About this exercise – Print, exactly as they appear in the listing below, the lines from the line with "Color-Changing Scubadiver Planted" to the line with "Alerta apcola en", with both end lines kept.

Segment Open

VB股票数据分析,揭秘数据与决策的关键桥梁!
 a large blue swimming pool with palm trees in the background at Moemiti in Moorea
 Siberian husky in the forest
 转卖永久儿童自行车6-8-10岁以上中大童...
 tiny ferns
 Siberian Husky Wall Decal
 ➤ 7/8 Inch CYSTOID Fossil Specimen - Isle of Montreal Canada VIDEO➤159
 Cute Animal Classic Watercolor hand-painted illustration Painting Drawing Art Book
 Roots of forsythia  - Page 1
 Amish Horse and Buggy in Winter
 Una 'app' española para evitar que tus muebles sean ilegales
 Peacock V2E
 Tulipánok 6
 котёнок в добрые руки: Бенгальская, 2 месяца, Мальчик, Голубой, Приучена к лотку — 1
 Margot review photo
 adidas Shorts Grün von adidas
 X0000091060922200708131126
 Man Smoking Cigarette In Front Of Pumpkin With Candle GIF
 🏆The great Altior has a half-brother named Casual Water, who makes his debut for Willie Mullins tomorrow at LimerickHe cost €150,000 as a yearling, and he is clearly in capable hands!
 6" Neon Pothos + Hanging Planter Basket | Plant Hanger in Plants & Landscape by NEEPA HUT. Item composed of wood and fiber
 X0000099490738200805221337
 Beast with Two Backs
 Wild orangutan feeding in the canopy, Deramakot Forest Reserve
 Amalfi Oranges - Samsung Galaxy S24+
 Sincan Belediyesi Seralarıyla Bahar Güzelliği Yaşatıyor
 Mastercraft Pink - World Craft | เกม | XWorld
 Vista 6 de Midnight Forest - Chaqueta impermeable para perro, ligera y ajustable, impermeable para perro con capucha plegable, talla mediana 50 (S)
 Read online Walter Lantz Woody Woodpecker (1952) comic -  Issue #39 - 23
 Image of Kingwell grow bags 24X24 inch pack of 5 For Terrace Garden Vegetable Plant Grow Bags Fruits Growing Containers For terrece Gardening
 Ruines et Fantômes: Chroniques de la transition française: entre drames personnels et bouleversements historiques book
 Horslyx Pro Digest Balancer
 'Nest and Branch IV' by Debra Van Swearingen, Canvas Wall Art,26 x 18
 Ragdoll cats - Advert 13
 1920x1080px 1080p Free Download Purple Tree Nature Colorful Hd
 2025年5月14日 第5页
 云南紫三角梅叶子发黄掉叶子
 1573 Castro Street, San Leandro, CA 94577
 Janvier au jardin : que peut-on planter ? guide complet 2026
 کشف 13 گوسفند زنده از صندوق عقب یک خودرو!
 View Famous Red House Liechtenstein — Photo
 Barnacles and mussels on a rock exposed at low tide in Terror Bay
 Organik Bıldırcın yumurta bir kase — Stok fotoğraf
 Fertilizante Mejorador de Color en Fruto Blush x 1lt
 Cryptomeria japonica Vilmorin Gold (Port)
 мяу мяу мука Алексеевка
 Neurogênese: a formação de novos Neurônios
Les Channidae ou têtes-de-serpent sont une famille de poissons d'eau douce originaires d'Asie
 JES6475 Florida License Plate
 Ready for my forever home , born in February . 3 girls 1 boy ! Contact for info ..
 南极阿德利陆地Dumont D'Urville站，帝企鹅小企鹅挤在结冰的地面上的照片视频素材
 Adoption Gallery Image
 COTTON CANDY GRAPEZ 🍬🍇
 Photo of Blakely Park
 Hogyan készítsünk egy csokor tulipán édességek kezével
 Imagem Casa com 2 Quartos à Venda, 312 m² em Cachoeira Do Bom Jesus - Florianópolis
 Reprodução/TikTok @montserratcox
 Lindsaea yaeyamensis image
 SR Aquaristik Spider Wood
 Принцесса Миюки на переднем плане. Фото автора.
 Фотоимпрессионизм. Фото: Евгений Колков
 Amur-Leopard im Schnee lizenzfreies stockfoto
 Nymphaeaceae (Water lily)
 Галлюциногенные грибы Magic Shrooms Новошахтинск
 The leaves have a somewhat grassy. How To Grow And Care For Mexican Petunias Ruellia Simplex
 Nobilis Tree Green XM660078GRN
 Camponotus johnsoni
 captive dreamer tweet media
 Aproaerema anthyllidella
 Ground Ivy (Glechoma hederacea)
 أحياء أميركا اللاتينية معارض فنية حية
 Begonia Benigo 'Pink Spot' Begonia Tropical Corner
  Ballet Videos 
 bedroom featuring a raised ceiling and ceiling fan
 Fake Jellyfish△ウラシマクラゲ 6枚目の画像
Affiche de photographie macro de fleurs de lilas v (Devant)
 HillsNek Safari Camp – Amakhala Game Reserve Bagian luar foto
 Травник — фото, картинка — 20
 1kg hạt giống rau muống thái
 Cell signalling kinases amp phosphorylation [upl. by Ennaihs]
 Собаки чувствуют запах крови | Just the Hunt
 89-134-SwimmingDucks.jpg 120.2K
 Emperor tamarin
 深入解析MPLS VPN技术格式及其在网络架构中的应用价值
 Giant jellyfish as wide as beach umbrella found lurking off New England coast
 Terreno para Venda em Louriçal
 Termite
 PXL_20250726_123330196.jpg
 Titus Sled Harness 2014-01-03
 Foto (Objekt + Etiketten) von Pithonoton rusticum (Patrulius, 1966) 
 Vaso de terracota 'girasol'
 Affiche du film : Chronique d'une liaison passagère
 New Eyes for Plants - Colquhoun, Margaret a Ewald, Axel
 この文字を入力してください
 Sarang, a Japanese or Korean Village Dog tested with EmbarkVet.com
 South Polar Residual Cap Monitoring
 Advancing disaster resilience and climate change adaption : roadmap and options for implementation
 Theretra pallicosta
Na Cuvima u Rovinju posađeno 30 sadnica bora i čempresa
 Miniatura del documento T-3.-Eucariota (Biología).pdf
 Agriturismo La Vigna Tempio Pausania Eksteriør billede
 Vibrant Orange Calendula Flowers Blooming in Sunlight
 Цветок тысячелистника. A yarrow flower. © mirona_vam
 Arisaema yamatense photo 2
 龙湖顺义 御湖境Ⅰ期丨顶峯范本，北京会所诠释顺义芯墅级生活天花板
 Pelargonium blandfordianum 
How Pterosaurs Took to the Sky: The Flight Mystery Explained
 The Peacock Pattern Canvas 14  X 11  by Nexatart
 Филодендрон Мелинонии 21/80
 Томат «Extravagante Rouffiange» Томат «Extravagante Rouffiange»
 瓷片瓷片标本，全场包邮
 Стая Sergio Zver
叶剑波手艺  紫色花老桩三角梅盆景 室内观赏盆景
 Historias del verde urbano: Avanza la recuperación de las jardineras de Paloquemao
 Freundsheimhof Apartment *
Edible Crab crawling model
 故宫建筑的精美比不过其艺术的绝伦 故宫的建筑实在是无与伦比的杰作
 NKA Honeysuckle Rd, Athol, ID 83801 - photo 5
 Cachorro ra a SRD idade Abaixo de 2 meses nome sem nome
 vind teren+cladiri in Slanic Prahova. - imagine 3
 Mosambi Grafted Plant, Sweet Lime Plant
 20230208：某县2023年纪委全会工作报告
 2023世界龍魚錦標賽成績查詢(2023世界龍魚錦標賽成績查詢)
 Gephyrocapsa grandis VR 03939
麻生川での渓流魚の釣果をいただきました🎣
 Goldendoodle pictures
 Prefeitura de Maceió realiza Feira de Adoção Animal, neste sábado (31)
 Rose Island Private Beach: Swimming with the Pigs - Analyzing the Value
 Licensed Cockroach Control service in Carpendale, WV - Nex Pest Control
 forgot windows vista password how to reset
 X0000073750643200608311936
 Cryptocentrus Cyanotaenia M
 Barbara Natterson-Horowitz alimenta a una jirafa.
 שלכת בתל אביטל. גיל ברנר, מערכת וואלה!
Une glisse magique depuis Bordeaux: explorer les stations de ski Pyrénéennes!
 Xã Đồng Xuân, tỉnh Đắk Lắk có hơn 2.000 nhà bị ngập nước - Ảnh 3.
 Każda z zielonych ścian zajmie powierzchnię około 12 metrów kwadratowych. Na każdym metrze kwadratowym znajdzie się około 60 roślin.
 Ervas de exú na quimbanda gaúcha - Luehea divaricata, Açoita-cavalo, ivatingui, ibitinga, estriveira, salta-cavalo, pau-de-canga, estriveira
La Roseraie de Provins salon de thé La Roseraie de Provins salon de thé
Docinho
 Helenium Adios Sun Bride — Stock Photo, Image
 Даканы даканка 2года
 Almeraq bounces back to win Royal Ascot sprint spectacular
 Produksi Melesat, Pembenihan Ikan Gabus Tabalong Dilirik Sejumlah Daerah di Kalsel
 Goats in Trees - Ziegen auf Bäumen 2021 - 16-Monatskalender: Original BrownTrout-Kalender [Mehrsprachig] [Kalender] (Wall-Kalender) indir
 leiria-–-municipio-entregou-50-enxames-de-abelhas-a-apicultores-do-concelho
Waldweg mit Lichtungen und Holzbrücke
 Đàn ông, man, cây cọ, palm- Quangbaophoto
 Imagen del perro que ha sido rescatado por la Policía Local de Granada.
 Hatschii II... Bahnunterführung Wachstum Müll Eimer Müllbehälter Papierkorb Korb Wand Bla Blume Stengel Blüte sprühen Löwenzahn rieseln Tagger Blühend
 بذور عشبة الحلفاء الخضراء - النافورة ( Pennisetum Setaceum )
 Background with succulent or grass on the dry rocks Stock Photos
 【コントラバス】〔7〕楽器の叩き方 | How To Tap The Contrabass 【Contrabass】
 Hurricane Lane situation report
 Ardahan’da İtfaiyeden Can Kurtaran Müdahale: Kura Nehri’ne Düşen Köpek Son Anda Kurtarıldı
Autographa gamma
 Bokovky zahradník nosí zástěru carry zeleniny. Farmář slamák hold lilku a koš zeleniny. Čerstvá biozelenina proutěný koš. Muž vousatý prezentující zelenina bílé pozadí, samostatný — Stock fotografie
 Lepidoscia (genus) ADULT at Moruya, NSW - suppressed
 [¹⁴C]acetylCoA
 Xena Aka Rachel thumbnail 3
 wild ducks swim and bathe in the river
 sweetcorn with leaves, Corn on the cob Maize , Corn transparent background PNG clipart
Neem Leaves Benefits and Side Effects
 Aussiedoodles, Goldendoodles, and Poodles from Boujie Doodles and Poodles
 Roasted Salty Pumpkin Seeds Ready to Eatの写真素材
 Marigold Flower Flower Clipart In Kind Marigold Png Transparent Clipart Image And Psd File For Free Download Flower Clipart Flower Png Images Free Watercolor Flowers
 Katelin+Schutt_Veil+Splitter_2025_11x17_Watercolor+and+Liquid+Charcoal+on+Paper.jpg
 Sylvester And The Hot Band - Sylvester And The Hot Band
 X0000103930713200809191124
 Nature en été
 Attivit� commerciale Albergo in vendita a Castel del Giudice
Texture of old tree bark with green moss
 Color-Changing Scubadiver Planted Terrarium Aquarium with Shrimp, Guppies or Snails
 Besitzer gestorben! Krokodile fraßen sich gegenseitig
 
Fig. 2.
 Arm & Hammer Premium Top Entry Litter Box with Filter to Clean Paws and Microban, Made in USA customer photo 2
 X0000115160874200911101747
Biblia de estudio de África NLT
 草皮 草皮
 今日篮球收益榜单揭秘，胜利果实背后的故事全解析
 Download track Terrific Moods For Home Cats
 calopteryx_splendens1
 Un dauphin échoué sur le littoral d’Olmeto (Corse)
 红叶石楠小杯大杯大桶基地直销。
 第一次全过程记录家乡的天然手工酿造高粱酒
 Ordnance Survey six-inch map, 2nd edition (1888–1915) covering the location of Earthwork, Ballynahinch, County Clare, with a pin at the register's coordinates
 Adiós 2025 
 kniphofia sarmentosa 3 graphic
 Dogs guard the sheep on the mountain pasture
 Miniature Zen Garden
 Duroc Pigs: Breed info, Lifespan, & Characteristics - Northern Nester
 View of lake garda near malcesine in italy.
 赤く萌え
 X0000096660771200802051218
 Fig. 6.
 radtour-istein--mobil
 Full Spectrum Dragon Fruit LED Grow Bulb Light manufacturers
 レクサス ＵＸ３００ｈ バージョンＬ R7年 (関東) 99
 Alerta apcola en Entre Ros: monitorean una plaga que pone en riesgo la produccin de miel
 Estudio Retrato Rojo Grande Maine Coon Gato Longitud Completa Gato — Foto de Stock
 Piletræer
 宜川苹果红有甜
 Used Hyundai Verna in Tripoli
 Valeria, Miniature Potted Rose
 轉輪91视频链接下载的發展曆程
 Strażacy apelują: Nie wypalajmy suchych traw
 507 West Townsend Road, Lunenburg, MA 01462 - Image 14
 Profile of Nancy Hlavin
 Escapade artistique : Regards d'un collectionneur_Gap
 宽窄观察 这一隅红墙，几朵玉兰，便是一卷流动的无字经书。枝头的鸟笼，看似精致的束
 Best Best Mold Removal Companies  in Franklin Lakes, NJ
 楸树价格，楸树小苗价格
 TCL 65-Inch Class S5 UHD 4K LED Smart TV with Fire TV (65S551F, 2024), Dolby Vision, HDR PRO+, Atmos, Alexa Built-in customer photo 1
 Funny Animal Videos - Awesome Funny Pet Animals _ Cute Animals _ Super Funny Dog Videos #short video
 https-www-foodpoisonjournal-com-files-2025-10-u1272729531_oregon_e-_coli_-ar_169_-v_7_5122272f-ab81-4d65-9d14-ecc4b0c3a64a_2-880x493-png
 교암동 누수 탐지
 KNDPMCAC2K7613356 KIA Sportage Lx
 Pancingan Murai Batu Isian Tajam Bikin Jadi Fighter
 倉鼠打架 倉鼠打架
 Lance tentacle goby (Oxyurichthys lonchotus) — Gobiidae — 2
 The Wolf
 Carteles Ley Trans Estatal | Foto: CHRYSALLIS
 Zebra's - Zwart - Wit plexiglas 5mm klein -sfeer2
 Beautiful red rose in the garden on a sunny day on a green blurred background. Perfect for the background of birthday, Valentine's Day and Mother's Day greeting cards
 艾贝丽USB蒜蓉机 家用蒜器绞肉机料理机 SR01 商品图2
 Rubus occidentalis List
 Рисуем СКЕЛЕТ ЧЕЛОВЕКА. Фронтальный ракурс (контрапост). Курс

Segment Closed

Response box –
 Color-Changing Scubadiver Planted Terrarium Aquarium with Shrimp, Guppies or Snails
 Besitzer gestorben! Krokodile fraßen sich gegenseitig
 
Fig. 2.
 Arm & Hammer Premium Top Entry Litter Box with Filter to Clean Paws and Microban, Made in USA customer photo 2
 X0000115160874200911101747
Biblia de estudio de África NLT
 草皮 草皮
 今日篮球收益榜单揭秘，胜利果实背后的故事全解析
 Download track Terrific Moods For Home Cats
 calopteryx_splendens1
 Un dauphin échoué sur le littoral d’Olmeto (Corse)
 红叶石楠小杯大杯大桶基地直销。
 第一次全过程记录家乡的天然手工酿造高粱酒
 Ordnance Survey six-inch map, 2nd edition (1888–1915) covering the location of Earthwork, Ballynahinch, County Clare, with a pin at the register's coordinates
 Adiós 2025 
 kniphofia sarmentosa 3 graphic
 Dogs guard the sheep on the mountain pasture
 Miniature Zen Garden
 Duroc Pigs: Breed info, Lifespan, & Characteristics - Northern Nester
 View of lake garda near malcesine in italy.
 赤く萌え
 X0000096660771200802051218
 Fig. 6.
 radtour-istein--mobil
 Full Spectrum Dragon Fruit LED Grow Bulb Light manufacturers
 レクサス ＵＸ３００ｈ バージョンＬ R7年 (関東) 99
 Alerta apcola en Entre Ros: monitorean una plaga que pone en riesgo la produccin de miel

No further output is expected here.